2018-10-11 12:52:15 [scrapy.core.scraper] ERROR: Error downloading <GET https://x.com>
Traceback (most recent call last):
  File "/usr/lib/python3.6/site-packages/twisted/internet/defer.py", line 1384, in _inlineCallbacks
    result = result.throwExceptionIntoGenerator(g)
  File "/usr/lib/python3.6/site-packages/twisted/python/failure.py", line 408, in throwExceptionIntoGenerator
    return g.throw(self.type, self.value, self.tb)
  File "/usr/lib/python3.6/site-packages/scrapy/core/downloader/middleware.py", line 43, in process_request
    defer.returnValue((yield download_func(request=request,spider=spider)))
  File "/usr/lib/python3.6/site-packages/twisted/internet/defer.py", line 653, in _runCallbacks
    current.result = callback(current.result, *args, **kw)
  File "/usr/lib/python3.6/site-packages/twisted/internet/endpoints.py", line 954, in startConnectionAttempts
    "no results for hostname lookup: {}".format(self._hostStr)

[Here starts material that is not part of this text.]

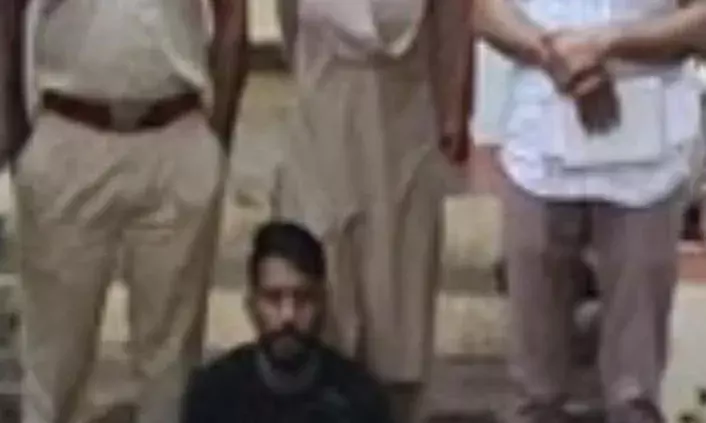 पकड़ा गया 5000 का इनामी नरेश, राजस्थान और मध्य प्रदेश में एक दर्जन से ज्यादा मामले दर्ज पकड़ा गया 5000 का इनामी नरेश, राजस्थान और मध्य प्रदेश में एक दर्जन से ज्यादा मामले दर्ज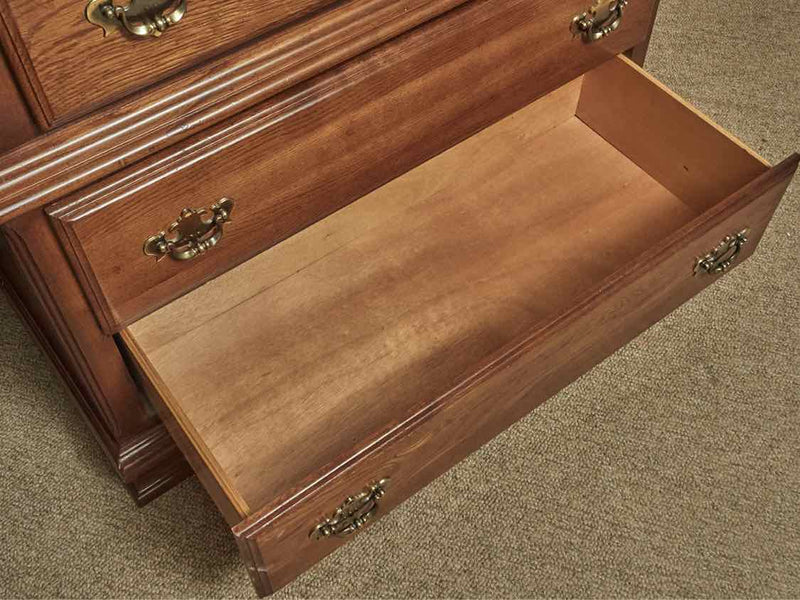 Kincaid Oak 4 Over 2 Drawer Chest with Ornate Chippendale Handles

twisted.internet.error.DNSLookupError: DNS lookup failed: no results for hostname lookup: x.com.
From this you can notice the following:
- I am able to partially handle the (first?) DNSLookupErrorerror, but...
- shutting down the spider does not seem fast enough so the spider continue to try to download the URL, causing a different error (ERROR: Error downloading).
- possibly causing a 2nd error: twisted.internet.error.DNSLookupError:?
How can I handle [scrapy.core.scraper] ERROR: Error downloading and make sure the spider get shut down properly?
(Or: How can I check internet connection on spider startup?)